- Directed by: Rajendra Talak
- Produced by: Priyanka Bidaye Talak
- Starring: Mrinal Kulkarni; Subodh Bhave; Ajinkya Deo;
- Cinematography: Sanjay Jadhav
- Edited by: Vidyadhar Pathare
- Music by: Ashok Patki
- Release date: 31 January 2014;
- Country: India
- Language: Marathi

= A Rainy Day (2014 film) =

2014 Indian Marathi language film

A Rainy Day is an Indian Marathi language film directed by Rajendra Talak and produced by Priyanka Bidaye Talak. The film stars Mrinal Kulkarni, Subodh Bhave and Ajinkya Deo. Music by Ashok Patki. The film was released on 31 January 2014.

== Synopsis ==
Successful professional Aniket is willing to go to any length to achieve his dreams.

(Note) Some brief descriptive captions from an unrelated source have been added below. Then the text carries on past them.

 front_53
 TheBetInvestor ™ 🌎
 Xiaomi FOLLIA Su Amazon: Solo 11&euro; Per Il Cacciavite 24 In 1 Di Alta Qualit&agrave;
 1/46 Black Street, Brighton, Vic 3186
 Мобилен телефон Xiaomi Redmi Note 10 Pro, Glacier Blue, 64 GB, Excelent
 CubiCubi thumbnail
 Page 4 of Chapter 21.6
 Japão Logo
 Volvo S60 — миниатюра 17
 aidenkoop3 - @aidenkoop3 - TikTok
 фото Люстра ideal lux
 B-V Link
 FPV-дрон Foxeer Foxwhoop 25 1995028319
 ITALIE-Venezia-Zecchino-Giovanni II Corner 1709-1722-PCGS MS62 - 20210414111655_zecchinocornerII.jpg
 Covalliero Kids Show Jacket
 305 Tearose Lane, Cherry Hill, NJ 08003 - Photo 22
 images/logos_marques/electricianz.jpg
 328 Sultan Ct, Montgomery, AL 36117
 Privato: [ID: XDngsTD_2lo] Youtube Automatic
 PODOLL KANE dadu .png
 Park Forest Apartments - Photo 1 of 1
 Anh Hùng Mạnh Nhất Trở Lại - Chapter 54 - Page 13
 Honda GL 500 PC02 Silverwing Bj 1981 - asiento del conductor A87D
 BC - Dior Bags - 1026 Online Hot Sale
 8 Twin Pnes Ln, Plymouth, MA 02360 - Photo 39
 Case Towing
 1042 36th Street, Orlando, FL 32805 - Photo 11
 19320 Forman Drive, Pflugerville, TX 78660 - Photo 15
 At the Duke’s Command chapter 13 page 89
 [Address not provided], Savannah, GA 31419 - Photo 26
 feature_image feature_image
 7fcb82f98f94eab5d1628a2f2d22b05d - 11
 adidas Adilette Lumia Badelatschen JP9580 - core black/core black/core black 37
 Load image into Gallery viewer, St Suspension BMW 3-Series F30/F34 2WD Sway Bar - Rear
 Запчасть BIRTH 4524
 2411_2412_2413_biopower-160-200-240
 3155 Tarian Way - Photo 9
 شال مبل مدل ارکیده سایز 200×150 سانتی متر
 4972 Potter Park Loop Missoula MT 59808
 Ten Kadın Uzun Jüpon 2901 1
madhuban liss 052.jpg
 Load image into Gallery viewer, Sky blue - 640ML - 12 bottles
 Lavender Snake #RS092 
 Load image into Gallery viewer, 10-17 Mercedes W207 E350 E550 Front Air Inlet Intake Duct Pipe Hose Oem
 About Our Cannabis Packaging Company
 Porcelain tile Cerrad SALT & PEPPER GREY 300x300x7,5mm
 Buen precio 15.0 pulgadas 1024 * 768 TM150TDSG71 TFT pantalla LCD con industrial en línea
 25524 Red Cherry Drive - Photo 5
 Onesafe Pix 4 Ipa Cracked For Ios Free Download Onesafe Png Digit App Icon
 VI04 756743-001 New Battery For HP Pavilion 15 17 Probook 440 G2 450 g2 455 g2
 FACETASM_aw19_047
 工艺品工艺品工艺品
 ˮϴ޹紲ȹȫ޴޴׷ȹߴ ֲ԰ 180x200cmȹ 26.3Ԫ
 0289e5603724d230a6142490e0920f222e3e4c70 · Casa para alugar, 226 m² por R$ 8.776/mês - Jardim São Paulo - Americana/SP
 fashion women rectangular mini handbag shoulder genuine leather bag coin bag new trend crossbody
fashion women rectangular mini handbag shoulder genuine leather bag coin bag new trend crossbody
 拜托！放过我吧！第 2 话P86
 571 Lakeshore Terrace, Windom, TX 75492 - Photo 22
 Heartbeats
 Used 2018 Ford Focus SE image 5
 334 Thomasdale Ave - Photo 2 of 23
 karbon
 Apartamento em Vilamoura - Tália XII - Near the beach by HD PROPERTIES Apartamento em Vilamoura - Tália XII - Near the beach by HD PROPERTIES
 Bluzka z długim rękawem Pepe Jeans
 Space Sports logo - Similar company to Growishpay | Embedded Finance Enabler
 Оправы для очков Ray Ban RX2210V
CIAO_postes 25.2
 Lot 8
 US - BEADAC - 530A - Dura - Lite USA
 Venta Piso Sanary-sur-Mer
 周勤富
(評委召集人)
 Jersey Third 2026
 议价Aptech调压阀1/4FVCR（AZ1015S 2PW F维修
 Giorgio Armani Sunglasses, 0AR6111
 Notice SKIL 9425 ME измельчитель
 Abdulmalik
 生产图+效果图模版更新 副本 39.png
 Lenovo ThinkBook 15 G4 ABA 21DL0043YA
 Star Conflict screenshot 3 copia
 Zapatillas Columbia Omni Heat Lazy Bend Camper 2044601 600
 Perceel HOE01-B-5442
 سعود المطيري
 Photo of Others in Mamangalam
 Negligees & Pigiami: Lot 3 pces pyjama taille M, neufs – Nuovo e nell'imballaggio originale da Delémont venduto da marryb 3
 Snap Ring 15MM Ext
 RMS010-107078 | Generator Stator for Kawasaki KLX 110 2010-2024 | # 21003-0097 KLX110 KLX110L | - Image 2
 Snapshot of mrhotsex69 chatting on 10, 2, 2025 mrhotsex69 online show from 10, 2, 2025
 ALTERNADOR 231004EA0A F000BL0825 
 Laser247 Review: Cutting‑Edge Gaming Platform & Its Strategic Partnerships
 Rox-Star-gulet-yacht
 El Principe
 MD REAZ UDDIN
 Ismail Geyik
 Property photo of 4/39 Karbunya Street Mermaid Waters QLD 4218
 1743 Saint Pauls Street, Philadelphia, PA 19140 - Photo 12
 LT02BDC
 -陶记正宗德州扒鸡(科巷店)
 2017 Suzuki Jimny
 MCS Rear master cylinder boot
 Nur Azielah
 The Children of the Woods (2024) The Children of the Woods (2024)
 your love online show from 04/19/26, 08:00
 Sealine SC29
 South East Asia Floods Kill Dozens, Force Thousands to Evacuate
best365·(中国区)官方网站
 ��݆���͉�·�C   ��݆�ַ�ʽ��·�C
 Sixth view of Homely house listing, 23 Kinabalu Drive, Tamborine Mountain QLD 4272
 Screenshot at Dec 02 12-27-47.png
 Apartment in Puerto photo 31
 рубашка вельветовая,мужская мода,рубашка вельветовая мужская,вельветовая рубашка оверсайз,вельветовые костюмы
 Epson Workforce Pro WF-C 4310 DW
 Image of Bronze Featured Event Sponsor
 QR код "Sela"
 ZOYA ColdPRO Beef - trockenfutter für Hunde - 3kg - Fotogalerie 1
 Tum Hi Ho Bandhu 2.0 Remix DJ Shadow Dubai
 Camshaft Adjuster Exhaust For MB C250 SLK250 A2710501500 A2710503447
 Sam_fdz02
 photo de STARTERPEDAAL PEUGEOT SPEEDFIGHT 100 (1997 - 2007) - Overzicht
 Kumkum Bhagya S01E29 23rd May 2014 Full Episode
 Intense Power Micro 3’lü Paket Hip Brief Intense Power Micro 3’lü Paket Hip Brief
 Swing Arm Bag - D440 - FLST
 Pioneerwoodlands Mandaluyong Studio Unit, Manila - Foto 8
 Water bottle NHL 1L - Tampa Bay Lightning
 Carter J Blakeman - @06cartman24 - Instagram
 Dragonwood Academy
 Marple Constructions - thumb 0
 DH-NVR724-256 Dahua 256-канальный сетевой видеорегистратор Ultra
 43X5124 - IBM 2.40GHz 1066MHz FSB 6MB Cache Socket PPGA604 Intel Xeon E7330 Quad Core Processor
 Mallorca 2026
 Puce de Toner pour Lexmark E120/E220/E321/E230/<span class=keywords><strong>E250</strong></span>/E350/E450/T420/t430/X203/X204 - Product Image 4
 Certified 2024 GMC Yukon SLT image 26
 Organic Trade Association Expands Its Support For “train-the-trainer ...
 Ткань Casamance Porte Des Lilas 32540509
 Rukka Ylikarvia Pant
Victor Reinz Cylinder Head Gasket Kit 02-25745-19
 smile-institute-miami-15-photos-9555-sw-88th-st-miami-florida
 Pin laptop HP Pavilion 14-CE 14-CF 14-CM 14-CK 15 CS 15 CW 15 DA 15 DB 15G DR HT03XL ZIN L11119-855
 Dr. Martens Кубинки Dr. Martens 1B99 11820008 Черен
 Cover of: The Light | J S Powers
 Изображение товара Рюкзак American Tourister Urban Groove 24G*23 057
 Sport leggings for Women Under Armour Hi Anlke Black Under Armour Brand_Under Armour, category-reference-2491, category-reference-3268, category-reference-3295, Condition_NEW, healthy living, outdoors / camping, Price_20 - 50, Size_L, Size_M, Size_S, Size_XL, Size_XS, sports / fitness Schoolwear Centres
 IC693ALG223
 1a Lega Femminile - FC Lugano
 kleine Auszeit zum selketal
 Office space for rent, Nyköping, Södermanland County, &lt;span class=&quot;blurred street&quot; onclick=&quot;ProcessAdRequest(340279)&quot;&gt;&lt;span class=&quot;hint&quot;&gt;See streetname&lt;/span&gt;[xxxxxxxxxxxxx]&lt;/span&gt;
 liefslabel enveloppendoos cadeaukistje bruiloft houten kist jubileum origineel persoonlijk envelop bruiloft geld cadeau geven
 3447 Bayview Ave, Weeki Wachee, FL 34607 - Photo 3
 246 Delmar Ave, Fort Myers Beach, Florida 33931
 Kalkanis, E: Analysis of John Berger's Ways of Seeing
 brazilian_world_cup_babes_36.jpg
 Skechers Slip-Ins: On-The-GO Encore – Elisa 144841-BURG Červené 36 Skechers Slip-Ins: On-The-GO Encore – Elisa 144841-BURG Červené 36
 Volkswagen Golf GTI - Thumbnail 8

However, things take a turn when his pregnant wife, Mugdha, learns about the ill deeds that he committed in childhood and he is clueless about her source.

== Cast ==
- Mrinal Kulkarni as Mugdha
- Subodh Bhave as Aniket
- Ajinkya Deo
- Kiran Karmarkar as Mr. Rao
- Harsh Chhaya
- Manoj Joshi
- Meenacshi Martins
- Neha Pendse
- Prince Jacob
- Sanjay Mone
- Shaila Kamat
- Sulabha Arya

== Soundtrack==

Track listing
| No. | Title | Singer(s) | Length |
|---|---|---|---|
| 1. | "Bhairavi Gau Kashi" | Arati Ankalikar-Tikekar | 4:57 |
| Total length: |  |  | 4:57 |

== Critical response ==
A Rainy Day film received positive reviews from critics. A Reviewer of The Times of India gave the film 3.5 stars out of 5 and wrote "Although the build up to the climax is well developed, the pace gets affected at a few places. But a gripping story combined with all other well-executed elements of cinema makes the film a worth watch". Swapnil Ghangale of Maharashtra Times wrote "It would have been more fun if things had been resolved logically". A Reviewer of Loksatta wrote "The director has used the rain which is sometimes shimmering and sometimes misty in a very appropriate way". Shubhangi Palve of Zee News wrote "By restraining the unnecessary things in the film, the film leaves an impression on the audience in a mysterious way".